Scientific classification
- Kingdom: Plantae
- Clade: Tracheophytes
- Clade: Angiosperms
- Clade: Eudicots
- Clade: Rosids
- Order: Rosales
- Family: Rosaceae
- Genus: Malus
- Species: M. × atrosanguinea
- Binomial name: Malus × atrosanguinea (Späth) C.K.Schneid.
- Synonyms: Pyrus × atrosanguinea Späth

= Malus × atrosanguinea =

- Genus: Malus
- Species: × atrosanguinea
- Authority: (Späth) C.K.Schneid.
- Synonyms: Pyrus × atrosanguinea Späth

Species of plant

Malus × atrosanguinea, the carmine crabapple, is an artificial hybrid species of flowering plant in the family Rosaceae. Its parents, with considerable uncertainty, are Malus halliana (or M. fusca) and M. sieboldii. It is a small tree reaching 6 m, with carmine flower buds and pink flowers. In the past this hybrid was quite popular on "both sides of the Atlantic", and was available in European nurseries before 1889, when it was sent to the Arnold Arboretum in Boston.

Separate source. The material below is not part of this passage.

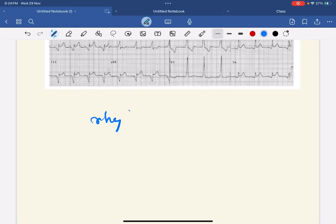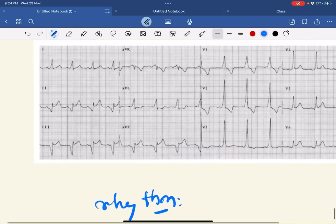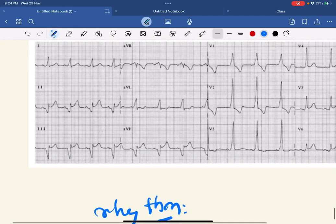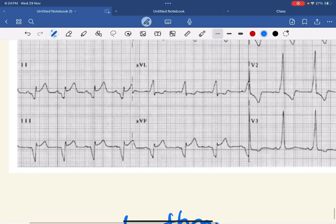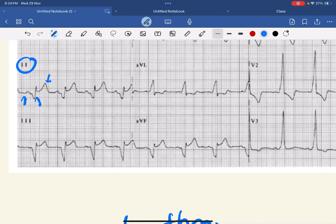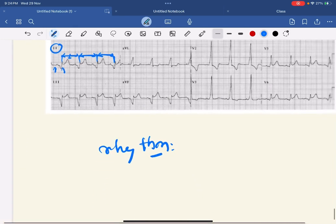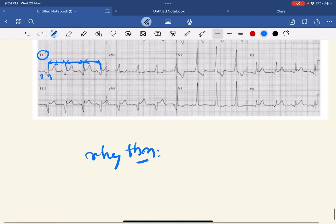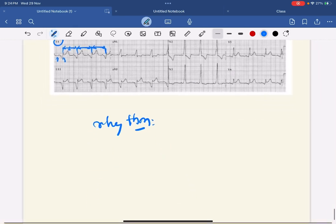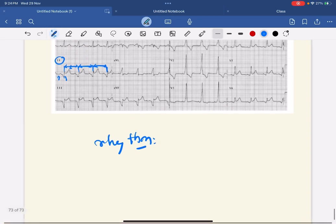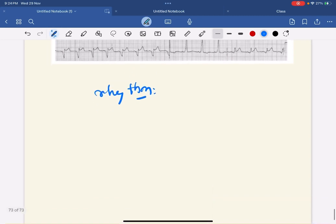Let's see the rhythm of the ECG. For that you have to see lead II. There are P waves, QRS complexes, and T waves. Every P wave is followed by QRS and the RR interval looks fairly regular. All the P waves are looking normal and similar, so it is in normal sinus rhythm.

Its cultivar 'Gorgeous', with its white flowers, pink flower buds and rounded crown, has gained the Royal Horticultural Society's Award of Garden Merit as an ornamental. 'Gorgeous', which was developed independently, may not have the same parentage as other crabs identified as Malus × atrosanguinea.